The investment marks HSBC’s continued venture into Baas offering

  • Rajeeb Gurung
  • September 20, 2022
  • 3 minutes

UK mobile money app Monese has secured a $35 million investment from HSBC to support the continued growth of its cloud-native banking-as-a-service (BaaS) platform.

The investment brings Monese’s total fundraising to $208 million and is part of a broader strategic partnership that will focus on its platform as a service business.

According to Taylan Turan, group head of retail banking and strategy, wealth and personal banking at HSBC, the bank will also benefit from Monese’s BaaS capabilities as HSBC looks to “deliver digital wealth and banking tools at pace and scale” in combination with its own global wealth and banking resources.

With this investment, HSBC joins existing investors Kinnevik, PayPal ventures, Investec, Augmentum Fintech, and Outward VC as Monese’s strategic partner.

Monese’s last capital raise came in 2021 when it raised $90 million in Series C led by Investec. As part of the funding, Investec adopted Monese’s Baas platform.

Monese is a mobile-only alternative service provider to traditional banks. It offers instant accounts, business accounts, joint accounts, savings accounts, a contactless debit card and money transfer services via its app.

Banks embrace Baas offering

HSBC’s venture into Monese builds on the bank’s ongoing investment in its BaaS offering.

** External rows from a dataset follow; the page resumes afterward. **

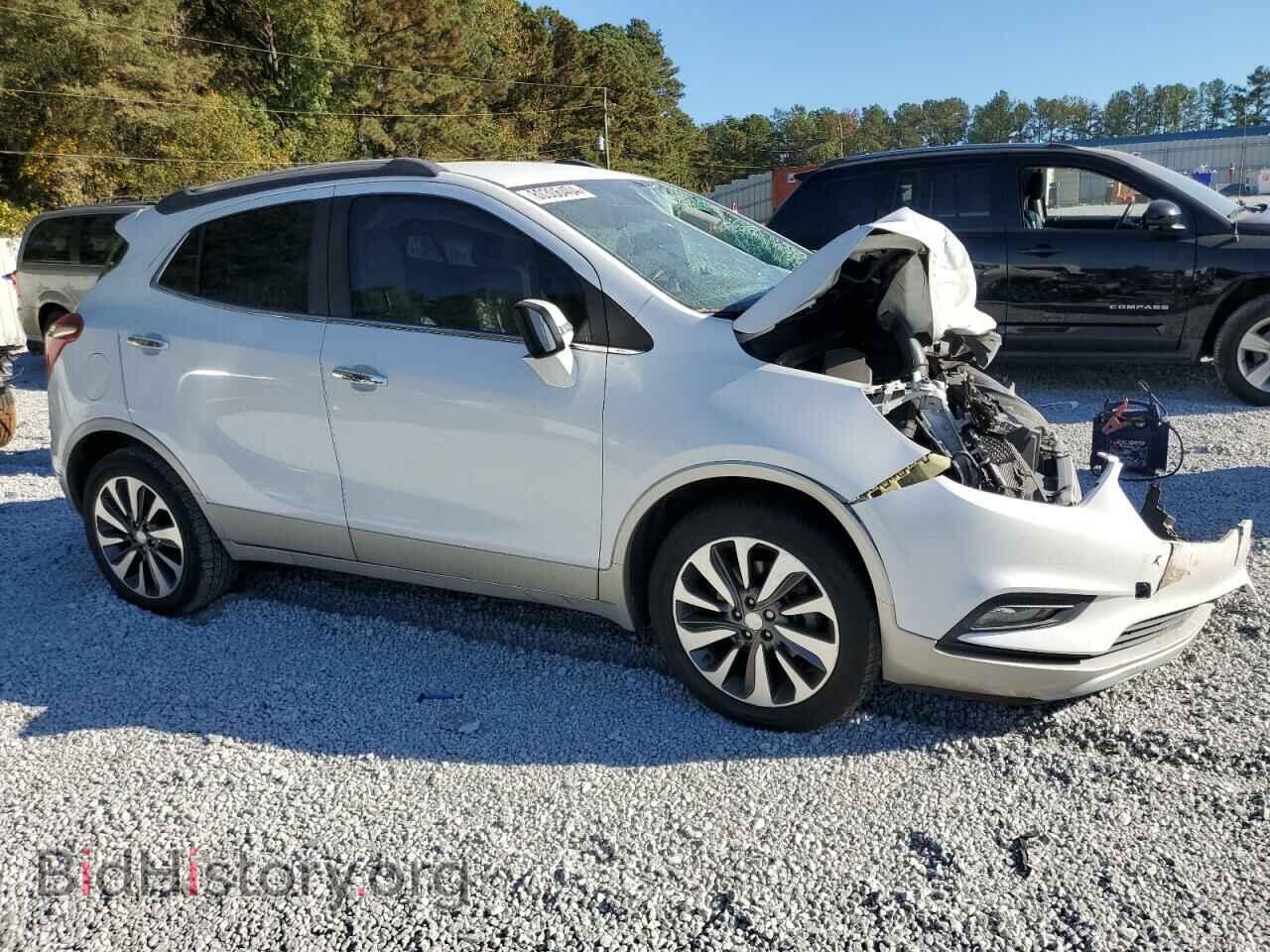 2018 BUICK ENCORE - VIN: KL4CJCSB1JB627753 - Фото 4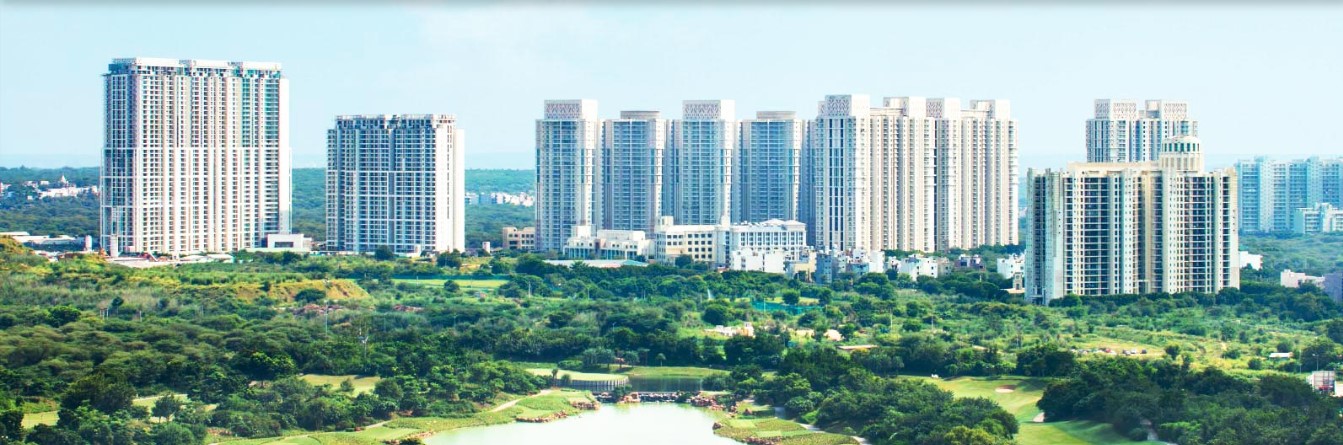 DLF The Crest Phase 5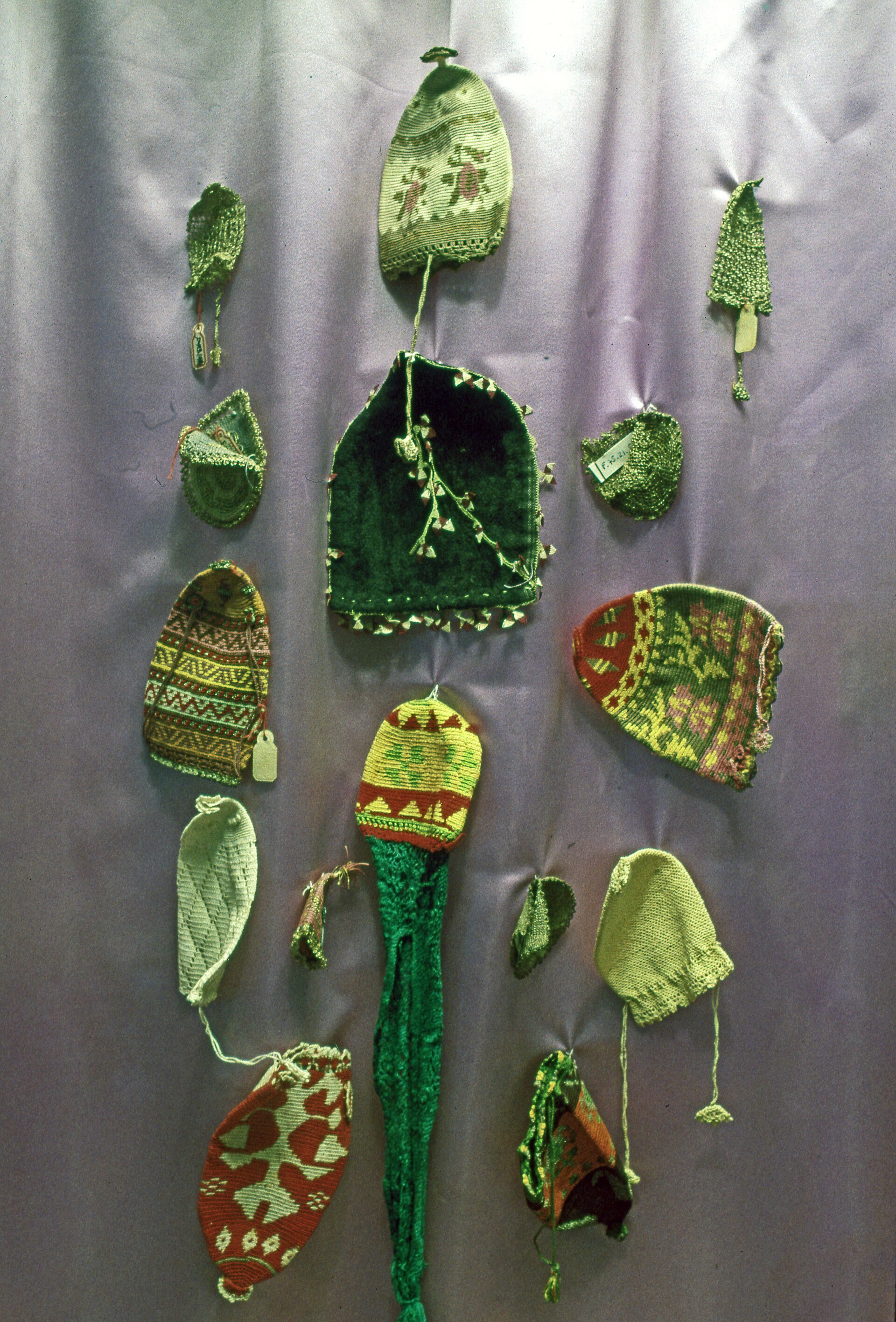 Amasya Museum Textiles 1993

In October 2021, the bank announced its collaboration with enterprise resource planning software provider Oracle NetSuite to launch the HSBC Baas offering via the latter’s SuiteBanking solution.

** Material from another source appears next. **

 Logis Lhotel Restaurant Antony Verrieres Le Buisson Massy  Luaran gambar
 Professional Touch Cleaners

At the time of the announcement, Barry O’Byrne, CEO, of global commercial banking at HSBC, had described embedding HSBC’s solution into customers’ platforms as “central to our strategy of supporting our clients’ growth across all regions.”

In July 2022, HSBC teamed up with Finastra to make the bank’s FX services available to mid-tier banks via the latter’s platform under a Baas experience.

HSBC is not alone in adopting a BaaS platform to improve service.

BBVA began offering its full suite of BaaS products in the US in 2019, while Goldman Sachs partnered with Stripe in 2020 to offer its banking products via the latter’s banking-as-a-service software, Stripe Treasury.

Revenue boost from BaaS attracts FIs

Banking-as-a-service offers financial institutions an opportunity to reach a greater number of customers at a lower cost.

According to an analysis by consultancy group, Oliver Wyman, the BaaS technology stack reduces the cost of customer acquisition to a range between $5 and $35, in contrast to a typical cost range between $100 to $200.

Firms have been looking to leverage the low-cost customer acquisition potential by looking for partnerships with fintech companies to expand their customer base.

A 2021 survey of 290 US-based senior bank and credit union executives by Cornerstone Advisors revealed that nearly two-thirds of financial institutions have partnered with at least one fintech company in the past three years, while 35% have invested in a fintech.

The survey also revealed that of those respondents who did not partner or invest in fintech, 37% planned to partner with one in 2022 and 18% expected to invest.

Cornerstone also estimates that the Baas market could grow to more than $25 billion in annual revenue in 2026. The consultant suggests that sponsor banks could generate over $40 million in annual revenue based on one million consumer accounts and 300,000 commercial accounts.

The potential revenue stream makes BaaS offering an attractive venture for financial firms to consider.

Research company Gartner predicts that 30% of banks with greater than $1 billion in assets will launch Baas for new revenue by the end of 2024.